Creating a RabbitMQ Queue

Queues store messages. Each message is sent to one or multiple queues. Producers produce and send messages to queues, and consumers pull messages from queues for consumption.

Multiple consumers can subscribe to one queue. In this case, messages in the queue are distributed to the consumers, and no consumer can have all messages.

This section describes how to create a queue on the console.

Prerequisites

A virtual host has been created.

Creating a RabbitMQ Queue

  1. Log in to the console.
  2. In the upper left corner, click and select a region.

    Select the region where your RabbitMQ instance is.

  3. Click and choose Middleware > Distributed Message Service for RabbitMQ to open the console of DMS for RabbitMQ.
  4. Click an instance name to go to the instance details page.
  5. In the navigation pane, choose Virtual Hosts.
  6. Click a virtual host name.
  7. On the Queue tab page, click Create Queue.
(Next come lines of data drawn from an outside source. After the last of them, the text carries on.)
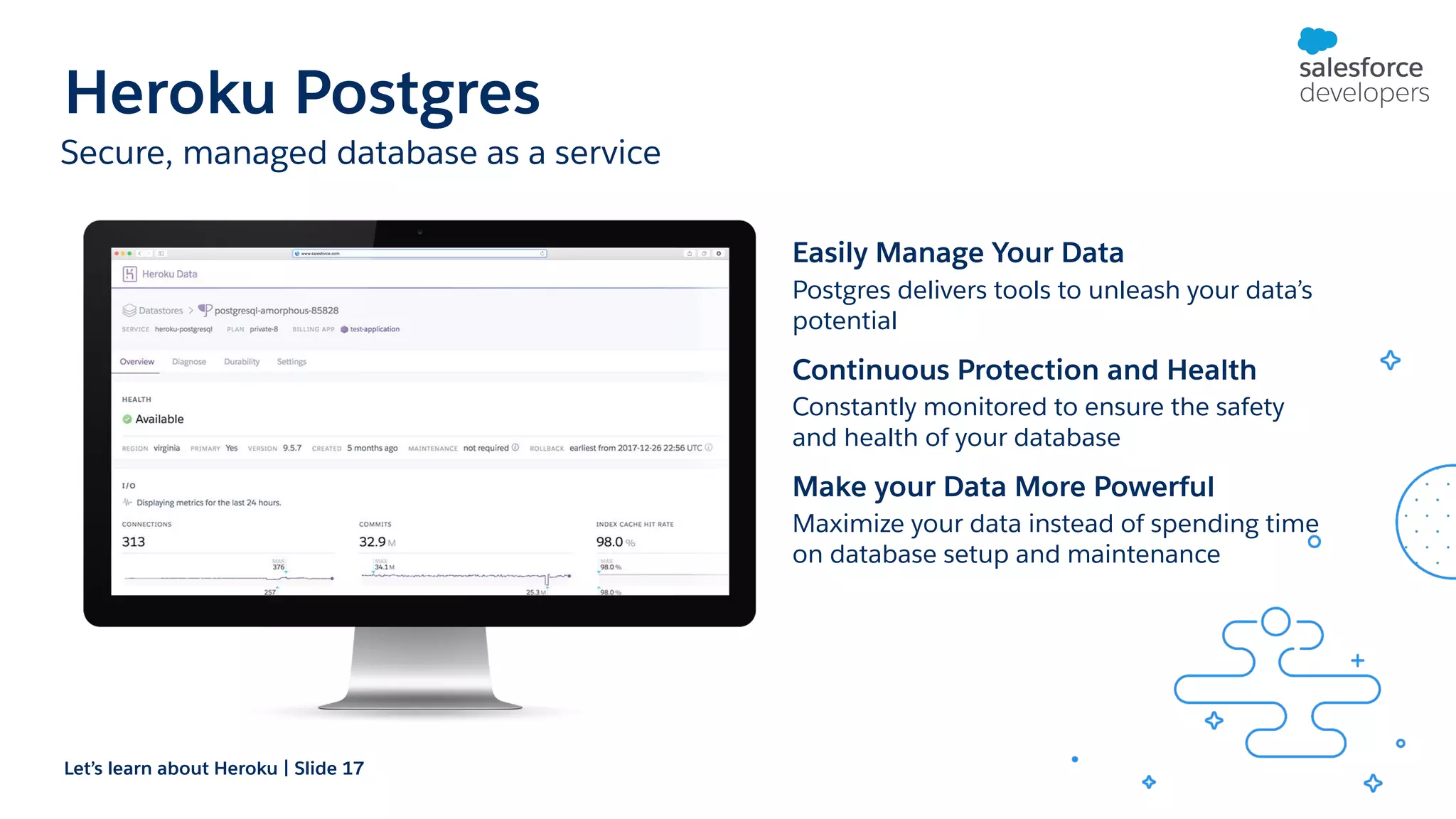 Heroku Postgres Secure, managed database as a service Let’s learn about Heroku | Slide 17 Easily Manage Your Data Postgres delivers tools to unleash your data’s potential Continuous Protection and Health Constantly monitored to ensure the safety and health of your database Make your Data More Powerful Maximize your data instead of spending time on database setup and maintenance 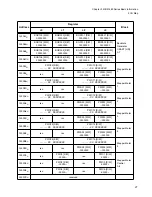 Preview for 43 page of Fujitsu FR Family FR60 Lite User Manual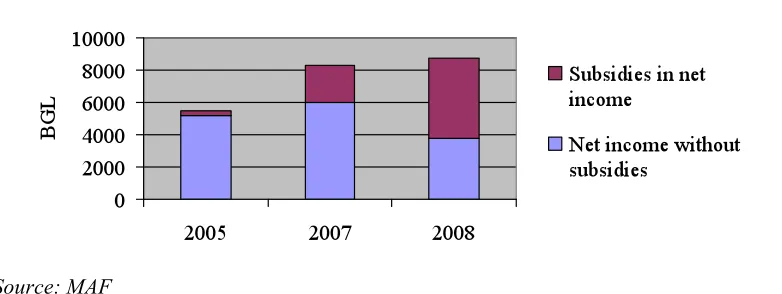 Figure 11. Evolution of income support in Bulgarian farms specialized in Grazing Livestock  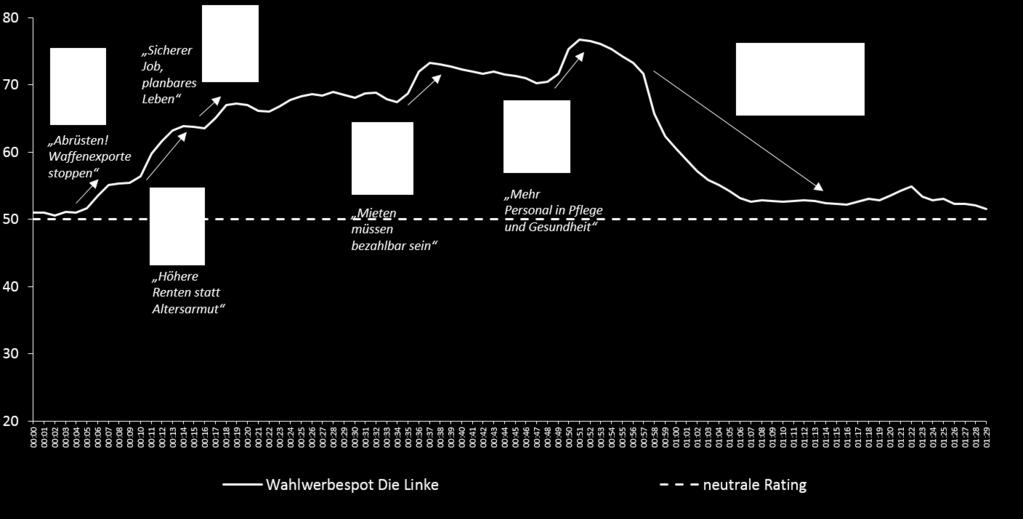 Forderungen der Linken sprechen an. Steiler Abfall der Kurve mit dem Erscheinen des Spitzen-duos.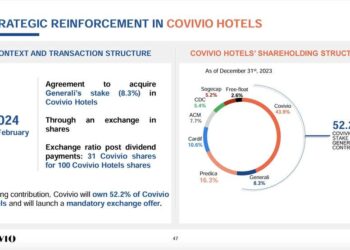 Covivio compra da Generali l’8,3% della partecipata Covivio Hotels in cambio di nuove azioni Covivio. A breve l’offerta pubblica di scambio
The Create Queue dialog box is displayed.
  8. Configure the queue name and other parameters by referring to Table 1.

    Table 1 Queue parameters

    Parameter

    Description

    Name

    When creating a queue, you can modify the automatically generated queue name. Naming rules: 3–128 characters and only letters, digits, percent signs (%), vertical bars (|), hyphens (-), underscores (_), slashes (/), or backslashes (\).
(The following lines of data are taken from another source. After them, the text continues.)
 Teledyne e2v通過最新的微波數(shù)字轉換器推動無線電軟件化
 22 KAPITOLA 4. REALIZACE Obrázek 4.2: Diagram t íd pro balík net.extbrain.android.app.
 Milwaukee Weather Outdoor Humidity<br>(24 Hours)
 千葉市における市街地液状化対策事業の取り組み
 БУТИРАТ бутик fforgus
    The name cannot be changed once the queue is created.

    Persistence

    This parameter is mandatory for RabbitMQ 3.x.x instances, and enabled by default for RabbitMQ AMQP-0-9-1 instances.

    Indicates whether to enable queue persistence.
    • Enabled: The queue survives after server restart.
    • Disabled: The queue will be deleted after server restart and needs to be recreated.

    Auto-Delete

    Indicates whether to enable automatic queue deletion.

    • Yes: The queue will be automatically deleted when the last consumer unsubscribes from the queue.
    • No: The queue will not be deleted when the last consumer unsubscribes from the queue.

    Dead Letter Exchange

    Select an exchange for dead letter messages.

    Dead Letter Routing Key

    Enter a dead letter message routing key. The dead letter exchange sends dead letter messages to the queue with a binding key that corresponds to this routing key.

    Time to Live

    Indicates how long messages can remain, in ms. If the time to live passed and messages are still not consumed, they become dead letter messages and are sent to the dead letter exchange.

    Highest Priority

    Only RabbitMQ AMQP-0-9-1 has this parameter.

    Priority of a queue. Range: 1–9. The larger the value, the higher the priority.

    Lazy Queue

    Only available for RabbitMQ 3.x.x instances.

    Enter lazy to make the queue lazy.

    Lazy queues store as many messages to the disk as possible. Messages are loaded to the memory only when they are being consumed. This reduces memory consumption.

  9. Click OK.

    View the created queue on the Queue tab page.